- Genre: Drama
- Teleplay by: Jamal Joseph; Dianne Houston;
- Story by: Jamal Joseph
- Directed by: Allen Hughes
- Starring: Ted Danson; Malcolm David Kelley; Brian Markinson; Kate Vernon; Yves Michel-Beneche; Yucini Diaz; Antonio Ortiz; Eugene Clark; Keke Palmer; Clifton Powell;
- Music by: Stephen Endelman
- Country of origin: United States
- Original language: English

Production
- Executive producer: Dianne Nabatoff
- Producers: Allen Hughes; John M. Eckert;
- Production location: Toronto
- Cinematography: Derick Underschultz
- Editor: Conrad Gonzalez
- Running time: 90 minutes
- Production companies: A&E Networks; Tiara Blu Films; Fox Television Studios;

Original release
- Network: A&E
- Release: December 6, 2005

= Knights of the South Bronx =

Knights of the South Bronx is a 2005 American drama television film directed by Allen Hughes and written by Jamal Joseph and Dianne Houston. Based on a true story, it stars Ted Danson as a teacher who helps students at a tough South Bronx elementary school to succeed by teaching them to play chess. It aired on A&E on December 6, 2005.

==Plot summary==
The film is based on the true story of David MacEnulty, who taught schoolchildren of the Bronx Community Elementary School 70 to play chess at competition level, eventually winning New York City and the New York State Chess Championships. The screenplay portrays whistle-blowing and a mid-life crisis that combine to remove Richard Mason (played by Ted Danson) from his old life. He becomes a substitute teacher and is assigned to a fourth-grade class in a South Bronx school. In the class are students with parents who are drug addicts or in jail or just scrambling to pay the bills. Few of them see a purpose in school other than meeting society's requirements, and he struggles, mostly in vain, to reach them.
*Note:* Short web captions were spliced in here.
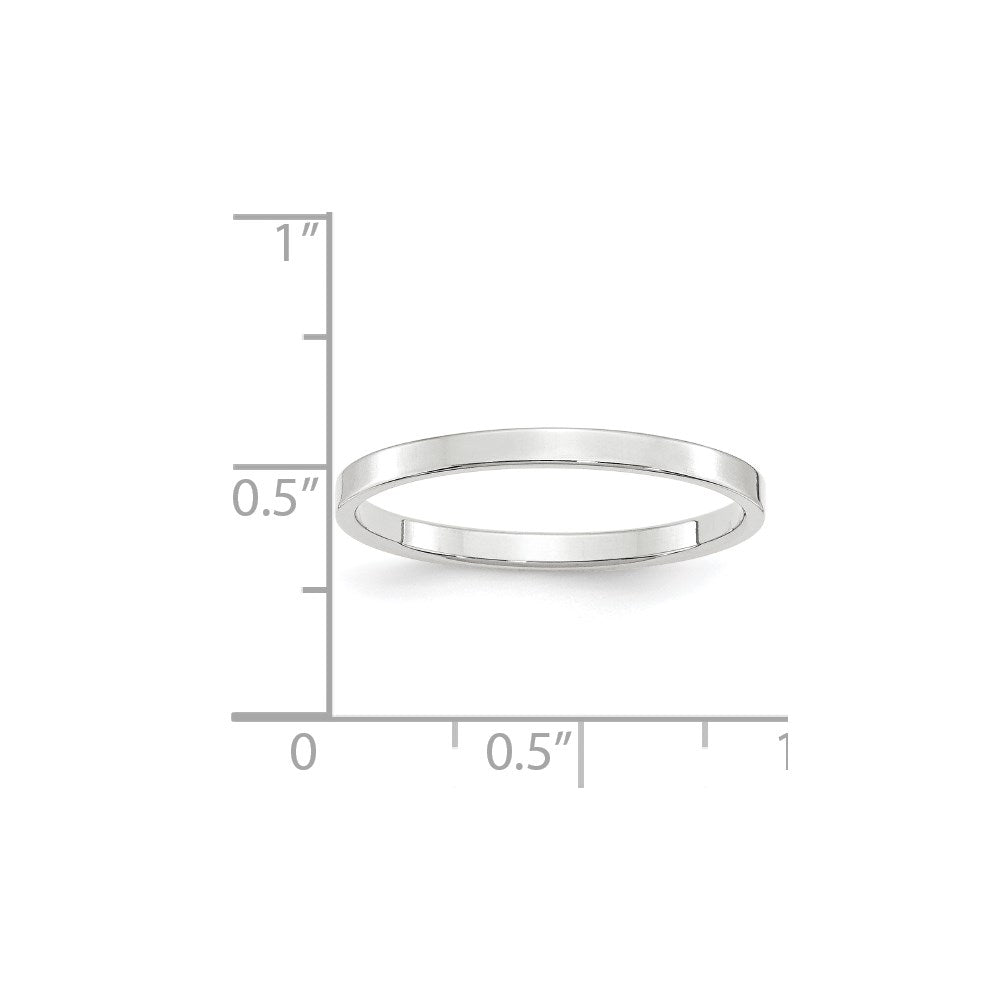 14K Weißgold 2 mm leichter, flacher Ehering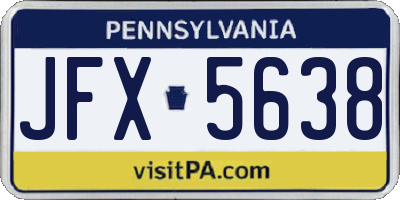 PA license plate JFX5638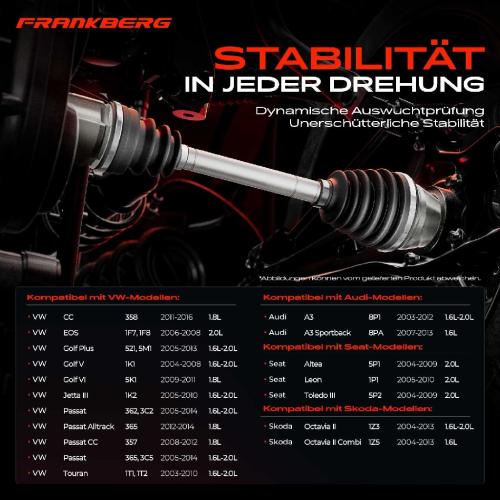 Frankberg 1x Antriebswelle Vorderachse Links für Audi A3 8P VW Golf 5 1K 6 5K Passat 365 3C5 Touran 1T Jetta Bild Frankberg 1x Antriebswelle Vorderachse Links für Audi A3 8P VW Golf 5 1K 6 5K Passat 365 3C5 Touran 1T Jetta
Then a student whose father is in jail sees Mason in the park playing chess in a simultaneous exhibition, and beating fourteen opponents at once. The student asks to learn the game of chess. One thing leads to another, and soon the entire class is interested in chess. Mason convinces them that on the chessboard it doesn't matter how much money you have or what clothes you're wearing or where you come from, and that it's only how you move the chess pieces, then and there. The class forms a chess team to compete in ever-larger chess tournaments.

==Cast==
- Ted Danson - Mr. Richard Mason
- Malcolm David Kelley - Jimmy Washington
- Brian Markinson - Arnie
- Kate Vernon - Pat Mason
- Yves Michel-Beneche - MD Duprais
- Yucini Diaz - Renee
- Antonio Ortiz - Dawson
- Eugene Clark - Gene
- Keke Palmer - Kenya Russell
- Clifton Powell - Cokey
- Devon Bostick - Darren
- Sandi Ross - Principal Nettie Weston
- Karen LeBlanc - Dolly
- Philip Akin - Asst. Principal Allen Hill
- Alex Karzis - Kasparov
- Nicholas Carpenter - Dawson's Opponent

==Production==
The film was announced in January 2004, under the working title Chessmates. Filming took place in Toronto. David MacEnulty, the inspiration for the film's main character, taught the basics of chess to the child actors.